Looking ahead, the GBP calendar remains relatively light, with no major market-moving events scheduled. As such, growing confidence in the UK’s domestic growth prospects, stronger-than-expected CPI data, hawkish BoE commentary, and improved UK-EU relations are all contributing to an incrementally bullish sentiment on sterling relative to other cyclical G10 currencies. Additionally, from a global perspective, the improving risk environment is also supportive for the GBP. Overall, the baseline outlook for the GBP remains bullish, backed by solid domestic fundamentals and positive risk sentiment.
USD: Uncertainty ahead
Over the past week, the US dollar remained under pressure, driven by two key developments. Firstly, Moody’s downgraded the US credit rating from AAA to Aa1+, citing concerns over limited budget flexibility and persistently large fiscal deficits, which are increasing the government’s debt and interest burden. Additionally, the House Rules Committee passed President Trump’s tax and spending bill, a bearish factor for US Treasuries (USTs) as it would further elevate the US debt level. The US 30Y yield briefly touched 5.135% last week before retreating back to the 5% level. Secondly, renewed trade tensions resurfaced after Trump threatened Apple with a 25% tariff and announced 50% tariffs on the EU, set to take effect on June 1st. He also stated he is not seeking a deal with the EU. In response, the EU trade chief said the bloc is prepared to defend its interests, indicating a swift resolution is unlikely. As a result, the combination of fiscal concerns and renewed trade uncertainty could revive the ‘Sell America’ narrative in the week ahead, pressuring the USD further in the near term.

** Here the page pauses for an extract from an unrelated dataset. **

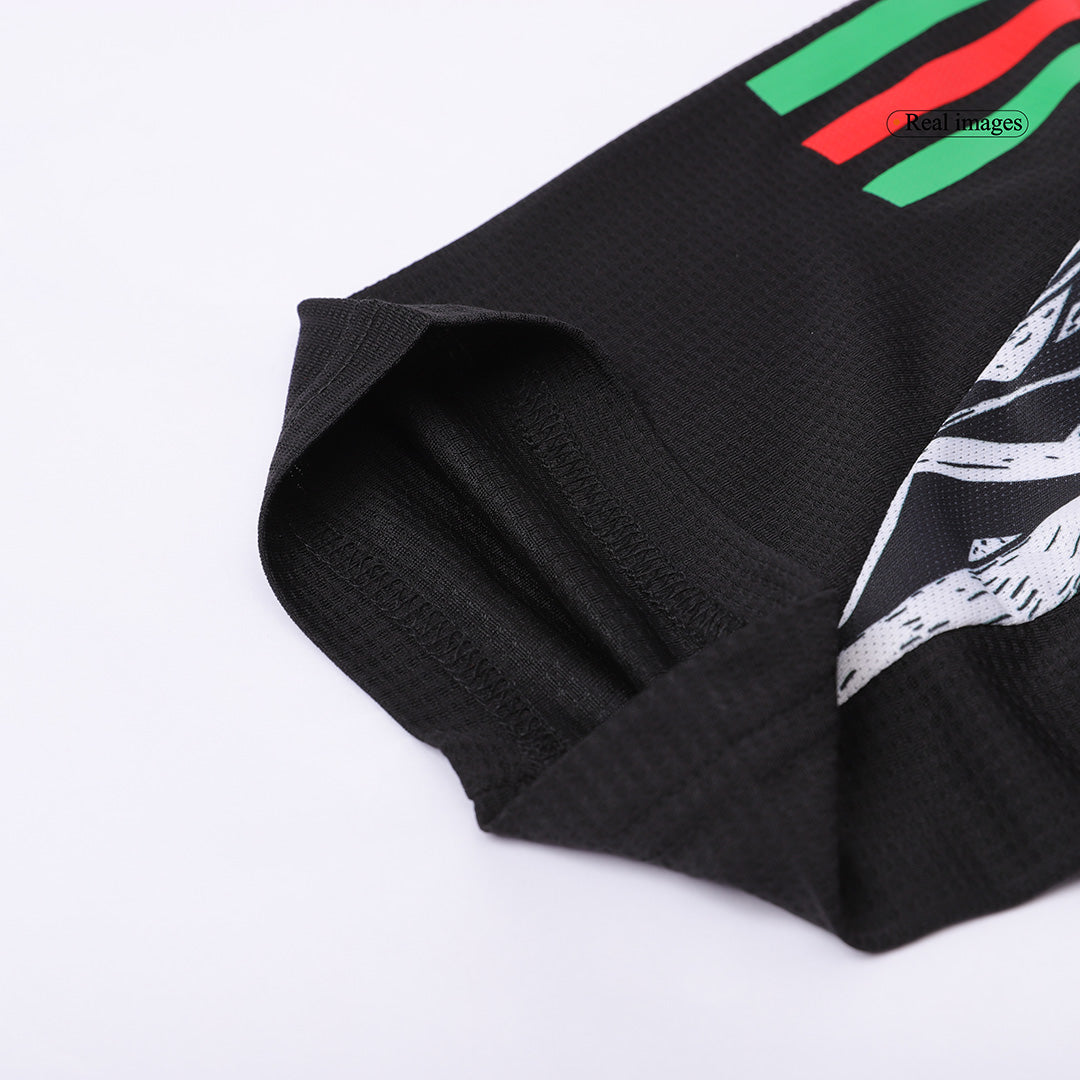 SAKA #7 Arsenal Extérieur Maillot 2024/25 Authentique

Looking ahead, market attention will turn to upcoming US data releases: consumer confidence, GDP, and April core PCE—the Fed’s preferred inflation gauge. Notably, following softer-than-expected April CPI and PPI prints, the PCE report could further support the view that the disinflation process is on track. Fed Chair Powell recently indicated that April PCE is likely to come in around 2.2% y/y, although this estimate may not yet incorporate the weaker PPI data. Overall, the baseline outlook for the USD remains bearish for now. While much of the negative news is arguably priced in, the reemergence of trade tensions adds further downside risk to the dollar in the near term.